Introduction 

Hearing loss is a common problem that often develops with age or is caused by repeated exposure to loud noises.

Action on Hearing Loss estimates that more than 10 million (about 1 in 6) people in the UK have some degree of hearing impairment or deafness.

Hearing loss can occur suddenly, but usually develops gradually. General signs of hearing loss can include:

  • difficulty hearing other people clearly and misunderstanding what they say
  • asking people to repeat themselves
  • listening to music or watching television with the volume turned up high

Read more about the symptoms of hearing loss.

When to see your GP

See your GP if you are having problems with your hearing, or your child is showing signs of hearing difficulty. Particularly if you lose the hearing in one ear. If you lose your hearing suddenly you must see your GP as soon as possible.

Your GP can check for any problems and may refer you to an audiologist (hearing specialist) or an ENT surgeon for further tests.

You can also visit the Action for Hearing Loss website for an online hearing test.

Read more about diagnosing hearing loss.

Why it happens

Hearing loss is the result of sound signals not reaching the brain. There are two main types of hearing loss, depending on where the problem lies:

  • sensorineural hearing loss – caused by damage to the sensitive hair cells inside part of the inner ear called the cochlea or the auditory nerve; this occurs naturally with age or as a result of injury
  • conductive hearing loss – when sounds are unable to pass from your outer ear to your inner ear, often as the result of a blockage such as earwaxglue ear or a build-up of fluid due to an ear infection, a perforated ear drum or a disorder of the hearing bones

It's also possible to have both these types of hearing loss. This is known as mixed hearing loss.

Some people are born with hearing loss, but most cases develop as you get older. 

Read more about causes of hearing loss.

Preventing hearing loss

It isn't always possible to prevent hearing loss if you have an underlying condition that can cause you to lose your hearing.

However, there are several things you can do to reduce the risk of hearing loss from long-term exposure to loud noise. This includes not having music or the television on at a loud volume at home and using ear-protection at loud music events or in noisy work environments.

You should also see your GP if you have signs of an ear infection, such as flu-like symptoms, severe earache or hearing loss.

Read more about preventing hearing loss.

Treating hearing loss

The way hearing loss is treated depends on the cause and how severe it is.

In cases of sensorineural hearing loss, there are several options that may help to improve a person’s ability to hear and communicate. These include:

  • digital hearing aids, available through the NHS
  • middle ear implants – surgically implanted devices suitable for some people who are unable to use hearing aids
  • cochlear implants – small hearing devices that are surgically implanted inside the inner ear for people who find that hearing aids are not powerful enough
  • lip reading or sign language - such as British Sign Language (BSL)

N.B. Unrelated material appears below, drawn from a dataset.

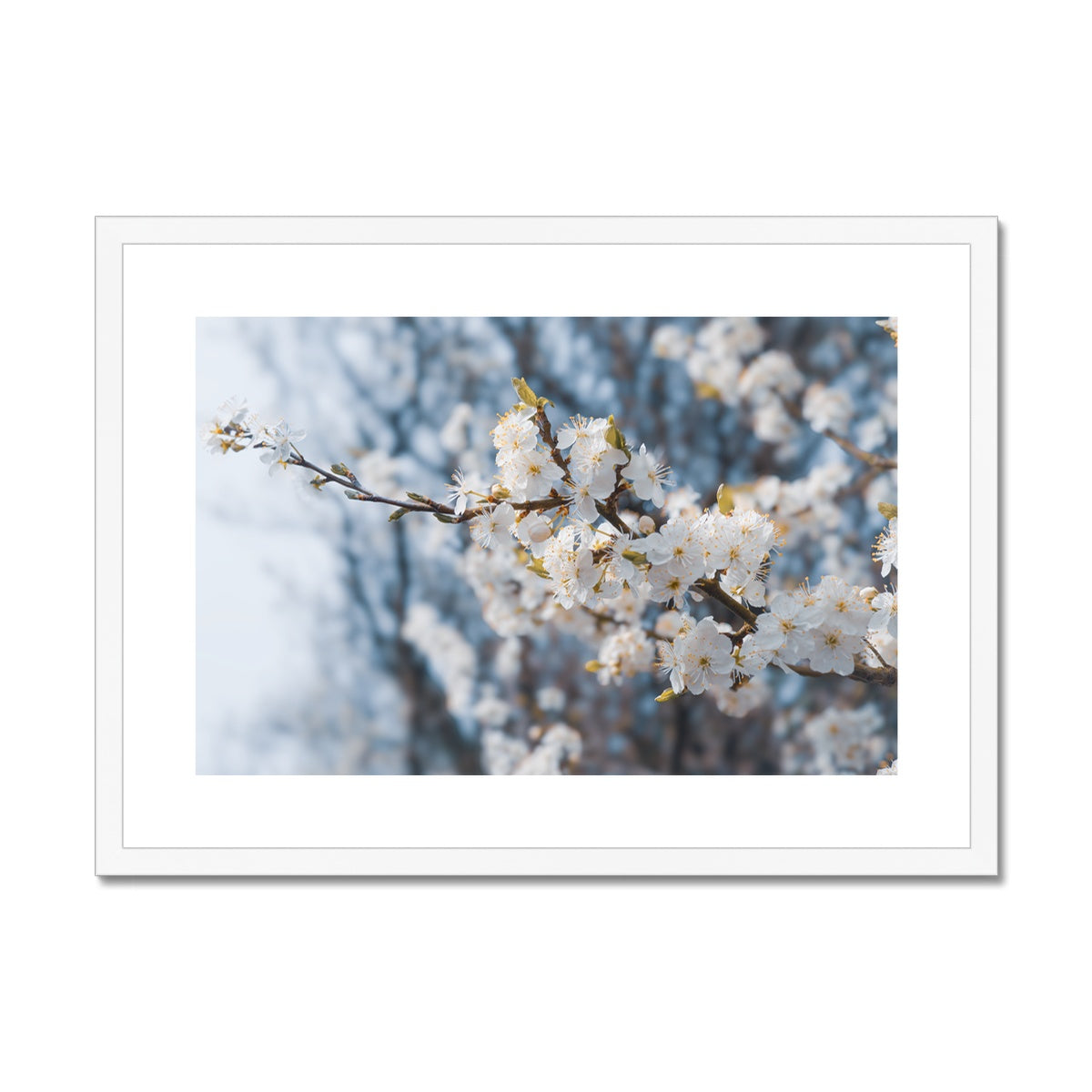 Delicate Whispers Framed & Mounted Print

Conductive hearing loss is sometimes temporary and can be treated with medication or minor surgery if necessary. However, more major surgery may be required to fix the ear drum or hearing bones. If conventional hearing aids do not work, there are also some implantable devices for this type of hearing loss, such as a Bone Anchored Hearing Aids (BAHAs).

Read more about treating hearing loss.

Hearing loss: Paul's story

Paul was diagnosed with progressive hearing loss at the age of 33. Despite this, he continues to be successful in his job and was awarded Council Worker of the Year in 2007.

Media last reviewed: 14/02/2013

Next review due: 14/02/2015

How hearing works

Sound waves enter your ear and cause your eardrum to vibrate. These vibrations are passed to the three small bones (ossicles) inside your middle ear.

The ossicles amplify the vibrations and pass them on to your inner ear where tiny hair cells inside the cochlea (the coiled, spiral tube inside the inner ear) move in response to the vibrations and send a signal through a nerve called the auditory nerve to the brain.